Originally home to a large native population of Carawak Indians, St. Renard was unknown to Europeans until the early sixteenth century, when it was discovered by Spanish conquistadors searching for El Dorado. Juan Hombre de Rosa claimed the island for Spain in 1511, and San Renard remained a Spanish possession until 1635, when it fell to a British expeditionary force under Captain Burroughs Hertfordshire, who rechristened the island St. Reynard. The British immediately traded the island to the Dutch, reportedly to settle a private debt, and the Dutch abandoned Sint Reinaert ten years later, when disease wiped out most of the early colonists. The island became a French colonial possession in the early eighteenth century and was sold shortly afterward to the Danes, who sold the island back to the Dutch, who resold the island to the French, who surrendered the island to the British after an afternoon of naval bombardment. St. Renard gained its independence from Great Britain in 1973, at which time—following an ill-starred attempt at self-government—the fledgling republic was obliged to sell itself to the United States (called, by Spanish-speaking Renardennes, “El Pulpo de Gran Maldad”), of which it is still an unincorporated insular possession.

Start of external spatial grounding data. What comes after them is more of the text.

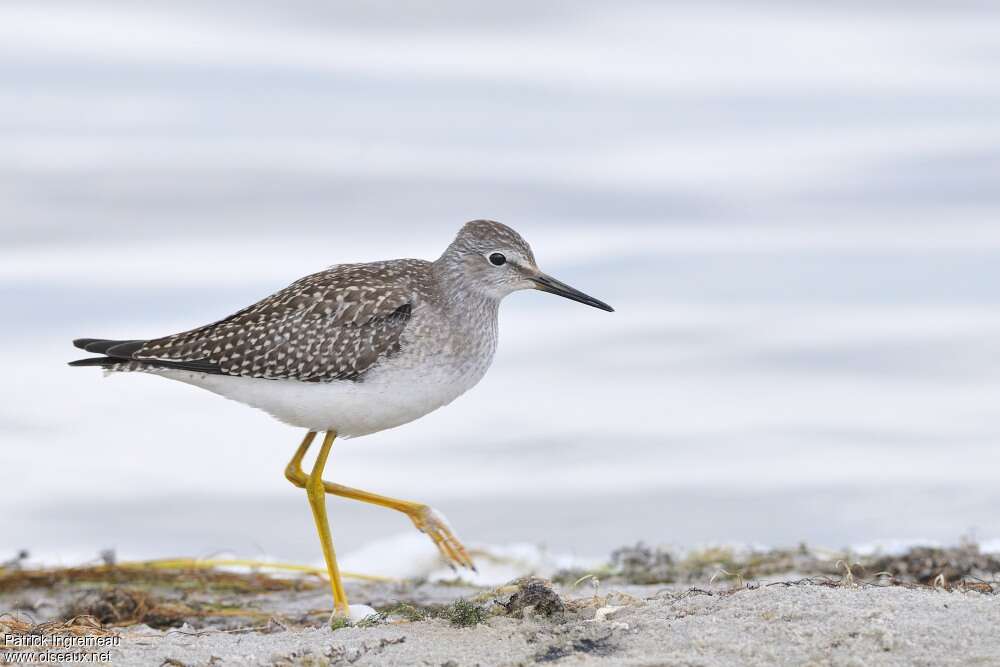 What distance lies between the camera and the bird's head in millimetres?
9109

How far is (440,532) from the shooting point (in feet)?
28.4

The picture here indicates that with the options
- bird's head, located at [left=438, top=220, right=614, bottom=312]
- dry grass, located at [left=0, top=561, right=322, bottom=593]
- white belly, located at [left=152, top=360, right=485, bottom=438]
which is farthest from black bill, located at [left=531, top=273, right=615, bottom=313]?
dry grass, located at [left=0, top=561, right=322, bottom=593]

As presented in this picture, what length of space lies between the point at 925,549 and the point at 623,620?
483cm

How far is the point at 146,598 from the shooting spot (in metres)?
9.22

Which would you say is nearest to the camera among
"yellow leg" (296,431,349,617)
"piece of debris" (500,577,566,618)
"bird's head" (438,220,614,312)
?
"piece of debris" (500,577,566,618)

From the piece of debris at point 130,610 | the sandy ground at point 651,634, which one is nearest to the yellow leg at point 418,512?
the piece of debris at point 130,610

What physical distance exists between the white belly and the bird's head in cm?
75

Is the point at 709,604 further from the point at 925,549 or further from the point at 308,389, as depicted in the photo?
the point at 925,549

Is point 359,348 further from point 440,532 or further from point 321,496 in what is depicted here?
point 440,532

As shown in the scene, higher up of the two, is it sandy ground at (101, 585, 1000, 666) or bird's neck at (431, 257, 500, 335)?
bird's neck at (431, 257, 500, 335)

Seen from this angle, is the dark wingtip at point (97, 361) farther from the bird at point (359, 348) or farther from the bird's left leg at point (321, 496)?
the bird's left leg at point (321, 496)

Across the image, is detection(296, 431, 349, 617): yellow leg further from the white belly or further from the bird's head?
the bird's head

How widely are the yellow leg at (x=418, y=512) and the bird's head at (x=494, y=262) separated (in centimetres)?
148

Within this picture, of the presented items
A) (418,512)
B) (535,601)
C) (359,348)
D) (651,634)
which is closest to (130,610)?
(418,512) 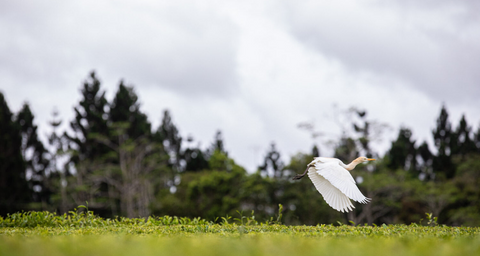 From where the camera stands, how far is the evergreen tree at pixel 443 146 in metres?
33.4

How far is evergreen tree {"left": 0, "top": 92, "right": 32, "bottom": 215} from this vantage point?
95.2 ft

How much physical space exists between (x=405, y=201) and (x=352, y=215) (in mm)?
3702

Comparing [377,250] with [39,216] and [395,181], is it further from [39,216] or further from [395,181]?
[395,181]

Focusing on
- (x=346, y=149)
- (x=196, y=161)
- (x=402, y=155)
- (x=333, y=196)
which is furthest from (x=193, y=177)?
(x=333, y=196)

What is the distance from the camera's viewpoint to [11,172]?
2958cm

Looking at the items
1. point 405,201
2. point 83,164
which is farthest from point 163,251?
point 83,164

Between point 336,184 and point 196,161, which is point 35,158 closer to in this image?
point 196,161

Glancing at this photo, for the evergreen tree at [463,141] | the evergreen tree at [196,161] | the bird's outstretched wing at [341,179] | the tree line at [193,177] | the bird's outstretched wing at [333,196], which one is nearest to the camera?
the bird's outstretched wing at [341,179]

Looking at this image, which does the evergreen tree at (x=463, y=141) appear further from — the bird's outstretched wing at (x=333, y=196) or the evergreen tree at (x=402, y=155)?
the bird's outstretched wing at (x=333, y=196)

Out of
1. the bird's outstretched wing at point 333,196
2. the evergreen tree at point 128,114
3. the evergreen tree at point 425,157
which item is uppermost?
the evergreen tree at point 128,114

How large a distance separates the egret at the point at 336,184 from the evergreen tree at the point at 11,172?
1089 inches

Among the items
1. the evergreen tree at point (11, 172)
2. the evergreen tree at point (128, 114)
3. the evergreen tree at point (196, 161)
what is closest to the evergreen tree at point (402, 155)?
the evergreen tree at point (196, 161)

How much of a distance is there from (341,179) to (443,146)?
3244cm

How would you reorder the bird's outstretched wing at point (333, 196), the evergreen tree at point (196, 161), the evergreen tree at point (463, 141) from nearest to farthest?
1. the bird's outstretched wing at point (333, 196)
2. the evergreen tree at point (463, 141)
3. the evergreen tree at point (196, 161) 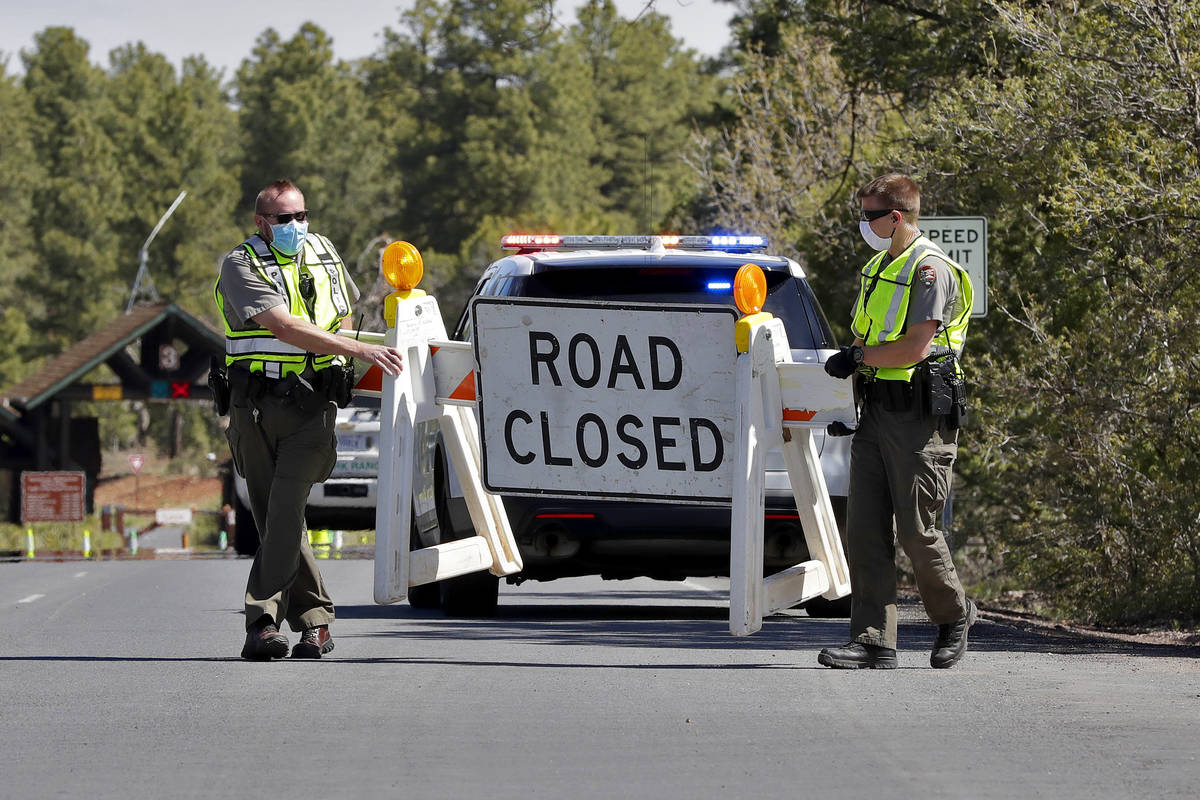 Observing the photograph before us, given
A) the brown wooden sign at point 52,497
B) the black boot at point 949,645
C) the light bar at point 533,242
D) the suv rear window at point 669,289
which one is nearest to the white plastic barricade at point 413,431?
the suv rear window at point 669,289

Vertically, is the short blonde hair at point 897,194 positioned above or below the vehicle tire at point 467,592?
above

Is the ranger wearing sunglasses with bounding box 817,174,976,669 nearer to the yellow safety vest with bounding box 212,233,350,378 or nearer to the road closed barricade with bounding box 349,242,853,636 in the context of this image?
the road closed barricade with bounding box 349,242,853,636

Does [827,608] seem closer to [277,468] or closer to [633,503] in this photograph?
[633,503]

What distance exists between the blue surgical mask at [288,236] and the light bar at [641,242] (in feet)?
7.27

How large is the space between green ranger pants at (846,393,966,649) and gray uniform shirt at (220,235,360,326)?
2.56 metres

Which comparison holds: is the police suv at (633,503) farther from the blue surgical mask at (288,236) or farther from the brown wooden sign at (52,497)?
the brown wooden sign at (52,497)

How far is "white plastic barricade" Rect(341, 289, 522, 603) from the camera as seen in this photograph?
9195 millimetres

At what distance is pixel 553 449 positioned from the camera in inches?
366

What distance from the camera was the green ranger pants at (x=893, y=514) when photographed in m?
8.49

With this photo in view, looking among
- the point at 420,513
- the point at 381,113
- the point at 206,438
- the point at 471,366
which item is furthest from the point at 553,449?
the point at 381,113

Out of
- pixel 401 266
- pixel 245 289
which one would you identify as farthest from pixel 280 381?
pixel 401 266

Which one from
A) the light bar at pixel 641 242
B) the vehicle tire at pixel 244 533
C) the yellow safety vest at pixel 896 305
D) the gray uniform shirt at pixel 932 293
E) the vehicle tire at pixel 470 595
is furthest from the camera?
the vehicle tire at pixel 244 533

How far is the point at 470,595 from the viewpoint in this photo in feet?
38.5

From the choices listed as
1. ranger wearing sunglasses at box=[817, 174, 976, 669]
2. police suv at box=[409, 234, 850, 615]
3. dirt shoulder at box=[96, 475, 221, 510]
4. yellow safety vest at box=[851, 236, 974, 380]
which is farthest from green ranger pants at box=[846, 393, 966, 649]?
dirt shoulder at box=[96, 475, 221, 510] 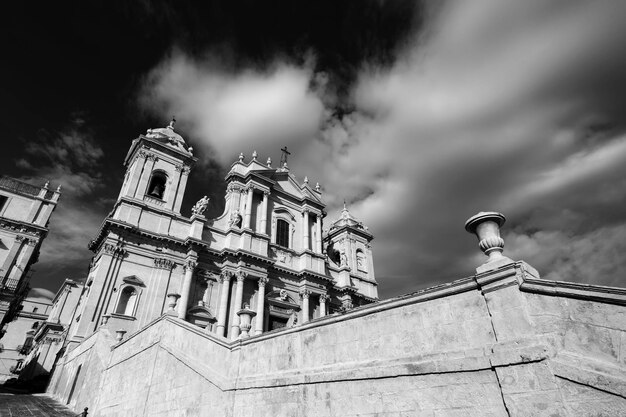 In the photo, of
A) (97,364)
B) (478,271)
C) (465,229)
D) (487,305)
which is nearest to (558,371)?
(487,305)

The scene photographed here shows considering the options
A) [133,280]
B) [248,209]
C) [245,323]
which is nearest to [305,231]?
[248,209]

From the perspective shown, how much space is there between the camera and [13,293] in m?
21.6

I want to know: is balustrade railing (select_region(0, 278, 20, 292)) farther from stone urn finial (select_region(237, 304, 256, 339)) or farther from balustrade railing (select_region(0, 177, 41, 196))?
stone urn finial (select_region(237, 304, 256, 339))

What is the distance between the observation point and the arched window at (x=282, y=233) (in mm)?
24844

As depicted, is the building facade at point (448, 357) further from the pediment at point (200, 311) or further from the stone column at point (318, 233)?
the stone column at point (318, 233)

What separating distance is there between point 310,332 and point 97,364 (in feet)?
35.5

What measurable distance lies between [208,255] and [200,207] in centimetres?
309

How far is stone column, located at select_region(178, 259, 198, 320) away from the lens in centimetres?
1750

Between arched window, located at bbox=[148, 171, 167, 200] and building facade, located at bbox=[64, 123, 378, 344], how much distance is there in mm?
68

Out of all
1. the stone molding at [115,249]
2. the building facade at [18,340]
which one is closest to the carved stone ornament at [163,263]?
the stone molding at [115,249]

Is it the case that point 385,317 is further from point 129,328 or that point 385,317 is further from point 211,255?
point 211,255

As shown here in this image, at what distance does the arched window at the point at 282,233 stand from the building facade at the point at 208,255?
0.26 ft

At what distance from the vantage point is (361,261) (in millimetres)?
31734

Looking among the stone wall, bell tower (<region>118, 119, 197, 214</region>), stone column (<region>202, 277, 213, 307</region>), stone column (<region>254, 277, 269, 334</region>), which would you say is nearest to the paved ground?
the stone wall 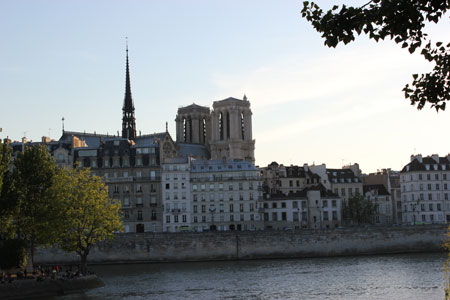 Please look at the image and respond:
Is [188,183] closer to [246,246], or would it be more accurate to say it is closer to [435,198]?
[246,246]

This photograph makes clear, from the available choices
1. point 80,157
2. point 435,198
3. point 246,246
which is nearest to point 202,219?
point 246,246

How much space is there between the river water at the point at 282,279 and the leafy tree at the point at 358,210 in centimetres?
2486

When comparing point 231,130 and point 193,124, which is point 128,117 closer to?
point 231,130

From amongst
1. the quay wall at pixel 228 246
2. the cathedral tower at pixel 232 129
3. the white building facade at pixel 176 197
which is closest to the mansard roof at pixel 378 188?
the quay wall at pixel 228 246

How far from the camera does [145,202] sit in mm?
98562

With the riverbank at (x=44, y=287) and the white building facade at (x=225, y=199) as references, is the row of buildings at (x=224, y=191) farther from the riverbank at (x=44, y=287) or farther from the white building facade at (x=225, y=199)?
the riverbank at (x=44, y=287)

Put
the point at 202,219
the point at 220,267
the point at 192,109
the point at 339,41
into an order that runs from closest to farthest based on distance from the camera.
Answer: the point at 339,41, the point at 220,267, the point at 202,219, the point at 192,109

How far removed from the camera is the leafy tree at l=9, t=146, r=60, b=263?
58.3 metres

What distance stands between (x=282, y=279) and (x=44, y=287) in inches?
804

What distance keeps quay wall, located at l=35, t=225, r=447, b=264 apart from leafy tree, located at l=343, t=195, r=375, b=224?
1947 centimetres

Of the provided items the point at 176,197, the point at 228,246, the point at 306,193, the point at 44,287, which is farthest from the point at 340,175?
the point at 44,287

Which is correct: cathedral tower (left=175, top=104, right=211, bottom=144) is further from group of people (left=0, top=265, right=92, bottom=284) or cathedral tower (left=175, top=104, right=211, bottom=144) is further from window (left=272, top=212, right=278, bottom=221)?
group of people (left=0, top=265, right=92, bottom=284)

This almost unbelievably rich and diverse cultural history makes St. Renard one of the most historic, diverse, and culturally rich places in the Caribbean. There’s literally something for everyone. Whether you’re into relaxation, sex tourism, snorkeling, gambling, psychoanalgesic tropical vegetation, or just eating and drinking as much as your body can tolerate, we’ve got you covered. And if none of those things appeal to you, don’t worry about it! We’ll find something that does. After all, your satisfaction is what keeps us out of the cane fields!
What to Do
If this is your first time on St. Renard, your first stop should be
Buzzard Point
, a bawdy shantytown abutting colonial San Cristobal. There you’ll find authentic thatch-roofed bars and gambling houses, colorful street vendors, and beautiful women. Enjoy a half pint of Renardenne white rum and make friends with locals who really know their island. You’ll pick up the basics of Plantation Creole in no time, and by morning you’ll feel like a Renardenne yourself.